Sebagai pemimpin partai politik pertama di Jerman, sudah tentu Merkel harus bersaing dengan banyak laki-laki dalam karir politiknya. Tak tanggung-tanggung, di bawah kendali Merkel, PDK yang awalnya bersifat tradisional kini malah menjadi salah satu pilar konsensus Jerman yang baru, termasuk membuat kuota perempuan di parlemen.

Bila ditilik dari teori kekuasaan menurut Robbins dan Judge, apa yang dilakukan Merkel memperlihatkan kemampuannya dalam mempengaruhi perilaku orang lain, sehingga berperilaku atau berpikir seperti yang ia harapkan. Namun bagi seorang perempuan, terutama dalam lingkungan konservatif agamis, apa yang ia lakukan tentu tak mudah.

Di sisi lain, kemampuan Merkel ini juga dapat ditiru oleh para perempuan politisi di tanah air. Hanya saja, seperti yang disayangkan oleh Titi dari Perludem, sistem partai politik Indonesia masih penuh dengan politik transaksional. Inilah yang salah satunya menyebabkan perempuan sulit untuk bersaing dengan para politisi pria.

Walaupun keikutsertaan perempuan pada Pilkada tahun ini mengalami peningkatan, begitu juga dengan jumlah menteri perempuan di dalam kabinet, namun keterwakilan perempuan di legislatif jumlahnya masih memprihatinkan.
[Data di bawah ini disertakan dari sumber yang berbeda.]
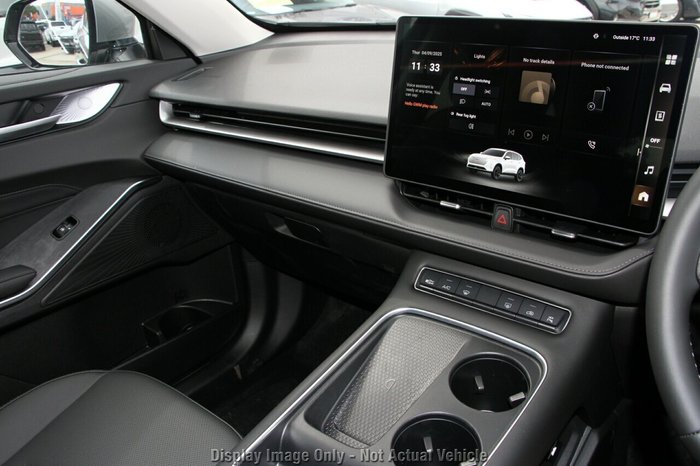 2025 GWM Haval H6 Ultra Hybrid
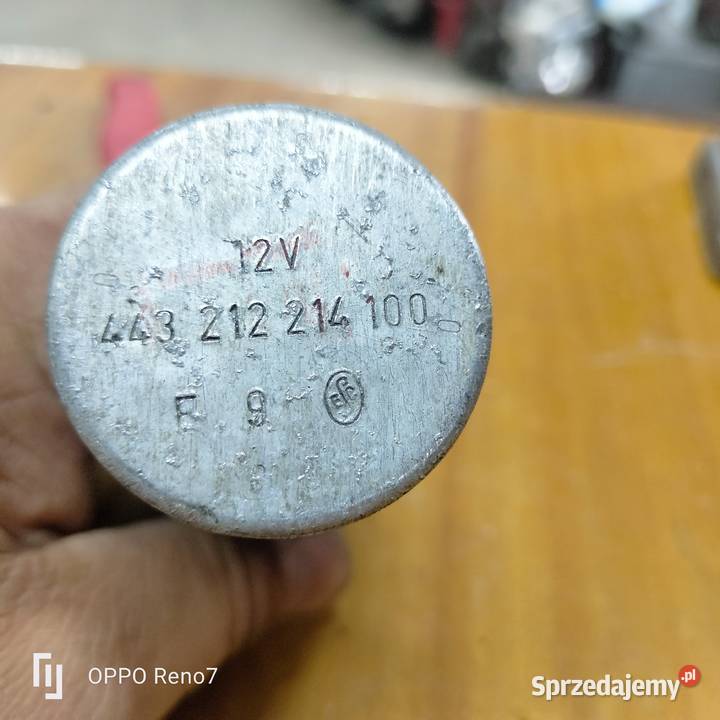 Cewka butelkowa 12 v Jawa 350 Łubno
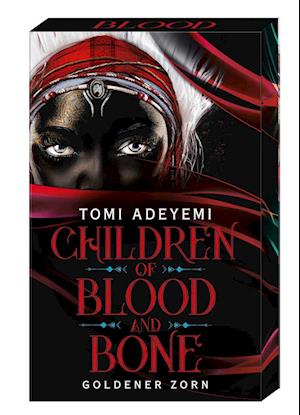Cover for Tomi Adeyemi · Children of Blood and Bone (Book) (2025)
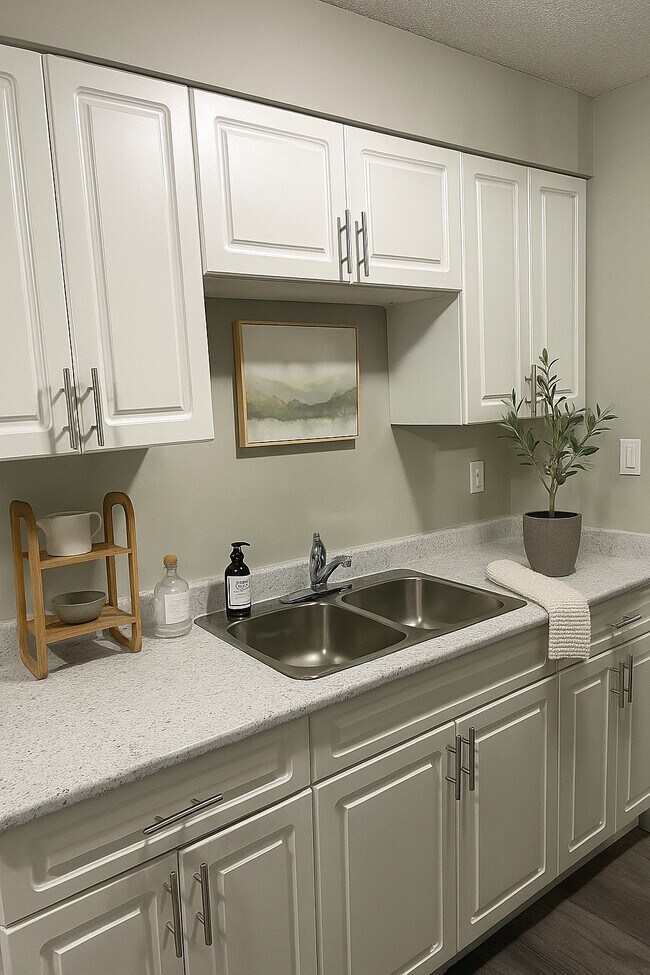 Photo du bâtiment - Park Terrace Apartments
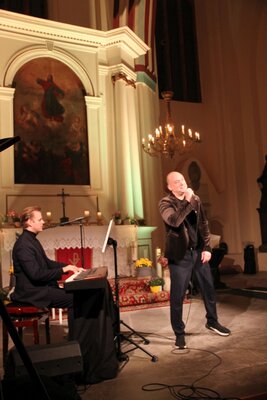 Foto des Albums: Konzert mit Björn Casapietra (16. 10. 2022)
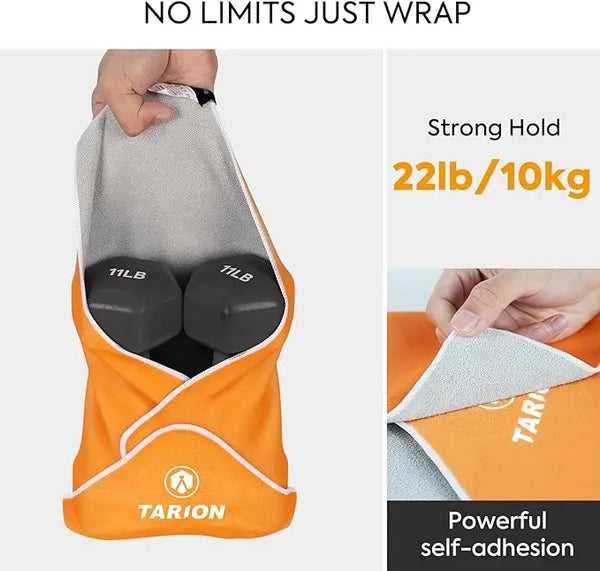 Magic Camera Wrap Orange TARION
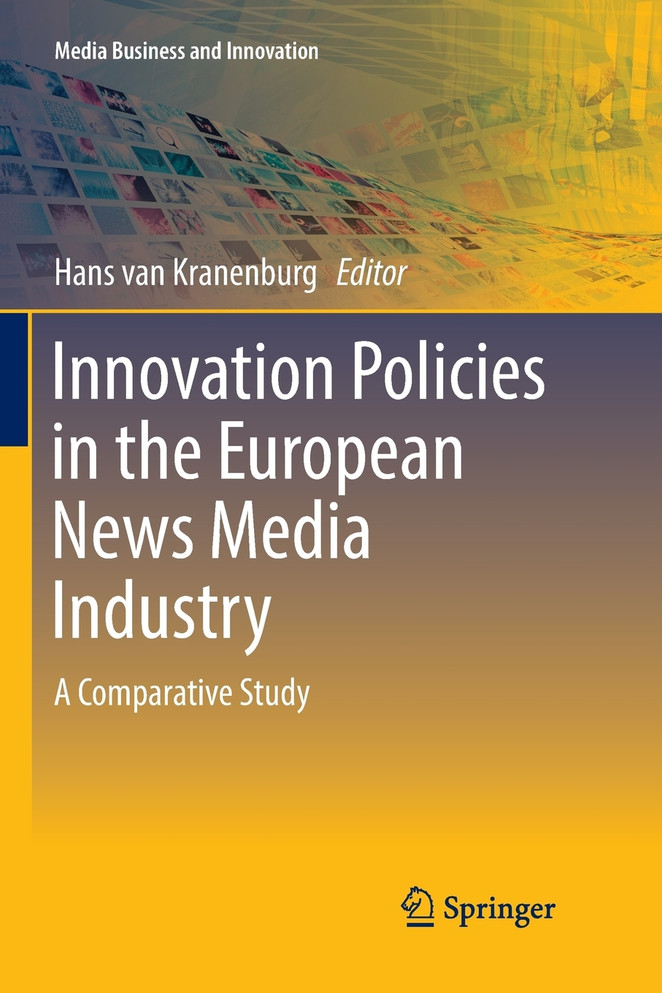 Innovation Policies in the European News Media Industry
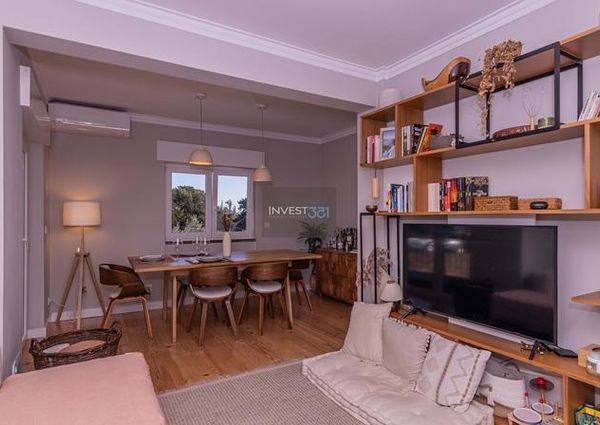 Apartamento T2 em Lisboa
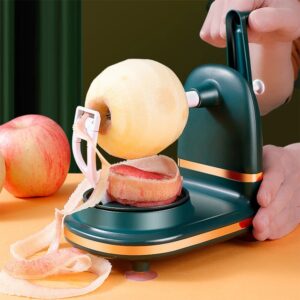Manual Fruit Peeler | Multifunctional Peeler Household Peeling Machine |  Fruit Peeler (random Color)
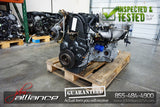 JDM 98-02 Honda Accord F23A SOHC VTEC 2.3L 4 Cylinder Engine Only F23A1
Bahkan dapat dikatakan kecenderungannya terus menurun.

Menurut Titi, selain dari hambatan yang terjadi di internal parpol, faktor motivasi bagi perempuan untuk terjun ke politik pun masih sangat sedikit. Selain masih menganggap politik sebagai ranah pria, perempuan yang pernah ikut penjaringan legislatif pun umumnya trauma dengan persaingan atau kompetisi yang dianggap terlalu bebas.

Kompetisi yang sengit dan terkadang keluar dari rambu etika, umumnya harus dihadapi oleh para caleg tersebut sendirian. Padahal sebenarnya, bila saja Bawaslu dan KPU ikut mengawasi agar kompetisi yang terjadi tetap pada koridor standar yang ditetapkan, tentu akan membuat persaingan menjadi semakin dinamis (dynamic competition).

Oleh karena itu, Titi menawarkan tiga strategi bagi perempuan yang ingin menjadi caleg. Strategi pertama, ia harus mampu menguasai aturan main, target, dan prioritas kerja saat masuk ke dalam kompetisi. Juga termasuk memahami strategi komunikasi yang akan dipakai guna mendapatkan kemenangan.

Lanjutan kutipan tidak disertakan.